DATA>

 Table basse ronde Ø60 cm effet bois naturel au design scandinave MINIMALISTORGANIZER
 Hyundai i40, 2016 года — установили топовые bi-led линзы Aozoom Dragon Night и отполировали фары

...

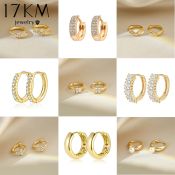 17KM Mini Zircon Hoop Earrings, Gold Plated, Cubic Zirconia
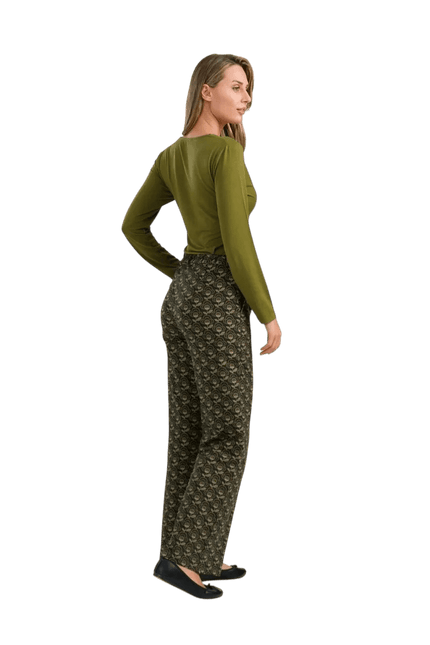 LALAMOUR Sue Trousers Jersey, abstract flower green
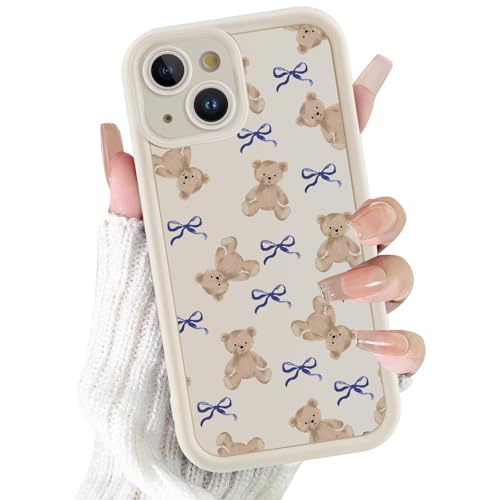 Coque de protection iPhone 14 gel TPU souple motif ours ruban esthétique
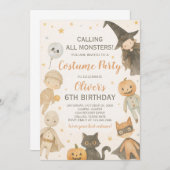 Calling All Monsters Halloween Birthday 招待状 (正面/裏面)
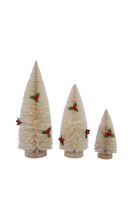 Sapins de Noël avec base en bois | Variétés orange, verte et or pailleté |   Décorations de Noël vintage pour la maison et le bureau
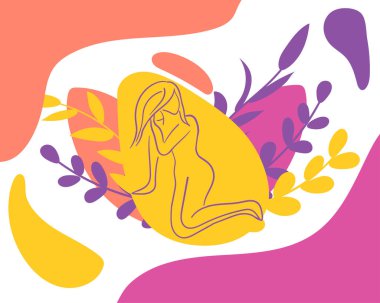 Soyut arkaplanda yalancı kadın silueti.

TRY IT>
Everything above from the line that has "Sapins de Noël" down to the line that has "Soyut arkaplanda yalancı kadın silueti." should be output exactly, with both of those lines included. Leave the pictures behind.

SOLUTION TO THE EXERCISE>
 Sapins de Noël avec base en bois | Variétés orange, verte et or pailleté |   Décorations de Noël vintage pour la maison et le bureau
 Soyut arkaplanda yalancı kadın silueti.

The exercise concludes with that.